Have any of you heard the Nocturne Posthumous? It's a cracking peice! I've just finished learning it. I also like Chopin's Grande Valse Brilliante. I've just started on that.


----------



## soul_syringe

the valse and the rev. etude, definitely...


----------



## havenscope

Wow... I'd have to say the piano concerto no. 2 in F minor. And especially the final movement. That final movement just proves how much of a genius Chopin really was.


----------



## Tom Gilroy

Much as I love the pieces I've heard by Chopin, the thing that would please me most would be being able to hear him improvise, everything I've ever read about him said he was an extremely gifted improvisor.


----------



## Papageno

I like some of the Nocturnes and Etudes: Op. 10, No. 3 in E Major


----------



## Amaya&beet

*My choice : Etude op.10 no.1*

Chopin's first etude, because its wide compass and serenade-like expression delight me.


----------



## machoka

I really enjoy performing the first Ballade.. it is so 'excited' for me.. 
I like also the second piano concerto, the E dur etude - op. 10, No. 3 ...and so many works from Chopin, of course, but these are my favourites


----------



## Saturnus

The c-minor nocturne, op. 48 nr. 1


----------



## riverbank

Waltz in Eb for me.


----------



## Oneiros

Either the 'raindrop' Prelude in Db or the Nocturne in Bb minor Op. 9 No. 1.


----------



## MrWaltz

I like Chopin's Nocturne in Eb Major Op.9 no. 2


----------



## thicks

Chopin is my favourite composer of the Romantic period. I like the Grand Valse Brilliante, the Revolutionary etude, Nocturne no. 19, all of his works really!


----------



## Lisztfreak

I cannot decide between the Nocturne No.2, Op.27 and the Ballade No.2 . Both are most masterfully written piano works!


----------



## zlya

Love the Preludes. Individually or as a set, really remarkable pieces.


----------



## Guest

Ballade in Gm, it is one of the greatest piano pieces ever written. My favorite piano piece and my favourite example of classical music behind 1812 Overture.


----------



## ChamberNut

I also love the Ballades and Scherzos, especially the Ballade No. 1 in Gm and the Scherzo No. 2 in B-flat minor

The Nocturnes are wonderful also! Eventually I'd love to get Chopin's Preludes.


----------



## Guest

The works performed by Arthur Rubinstein are my favorite...


----------



## ChamberNut

Alnitak said:


> The works Arthur Rubinstein performed, are my favorite...

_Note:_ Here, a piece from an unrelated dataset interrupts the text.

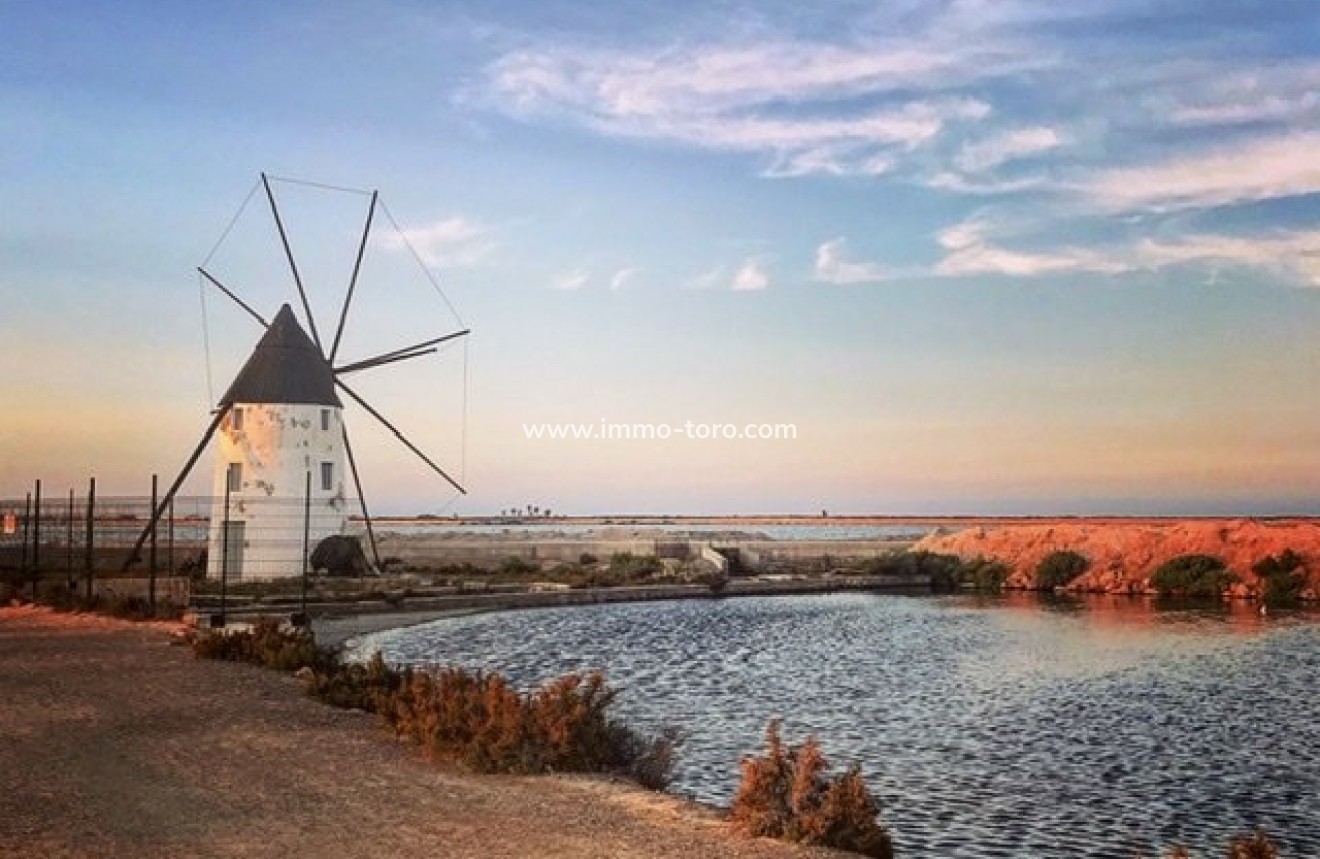 Nouvelle construction - Villa - San Pedro del Pinatar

Those are the ones I have as well.


----------



## Frasier

To play - the easier ones: Prelude Op28 No 4 (it isn't easy to play beautifully, awkward left hand unless you cheat a lot with the pedal and make it sound like mud); Nocturne in E flat; the beautiful and desolate posth. Mazurka in F minor (which I play probably far too slowly, I bracket this with the E minor prelude). I've had a crack at the Fantaise Impromptu (it's a pretty good study for playing "3s against 4s") and the black keys study Op10 No5.

To listen to? The preludes, studies, waltzes, nocturnes...less fond of the erudite stuff! 
If I had to pick one piece it would be the Nocturne in Eflat played by Michaelangeli or Pollini...or me, because then I've only got myself to blame if things go wrong.


----------



## Chi_townPhilly

I will always love---
Andante Spianato & Grande Poloniase Brillante.
I very much like Liszt, Debussy and Rachmaninoff, but this might be my favorite post-Beethoven solo piano piece.


----------



## Lark Ascending

Nocturne No 10 in A flat major and Prelude in E minor (I also like the latter when arranged for piano, violin and cello).


----------



## fox_druid

impromptu op. 66 and op. 29, and mazurka in F minor

I really love to hear that pieces and also to play it, although i still cannot manage the pedal to avoid it sounds like mud  ... or maybe my left hand is too strong


----------



## Guest

while we are on the chopin subject, is there any really good complete works recordings out there. I have the one by Idil Biret but i am less than overwhelemed with emotion with some of his interpratations and the piano sounds very "tingy," i like Chopin on a mellow sounding piano, more of a european style. Any sugesstions? Also if there are recordings of specific songs that are AMAZING and nothing short of it, you might as well mention them. But once i get done with summer school i want to get some "red hot" (hahaha) recordings to draw some compisitional insperation from. I mean everyone has to treat themselves once in a while....... right?


----------



## Andrew

My favourite works are the Nocturnes, all of them. I was deeply moved when I heard them for the first time, and this still happens when I hear them today.


----------



## dexter

*What is/are your favourite Chopin work(s)?*

Aside from sharing the same birthday, Chopin is really one of my favourite composers in the Romantic Period. I'm not familiar with all his works though, but his music really touches my heart. My favourite Chopin's works are his Etudes and Ballades. The Revolutionary Etude, Op. 10, No.12 and Ballade No. 1 in Gm, Op. 23, for example, are 2 of my favourites. I've listened to many pianists perform these pieces and each of them has his own unique interpretation.


----------



## Guest

Just found a new one recently while listening to my full works collection. 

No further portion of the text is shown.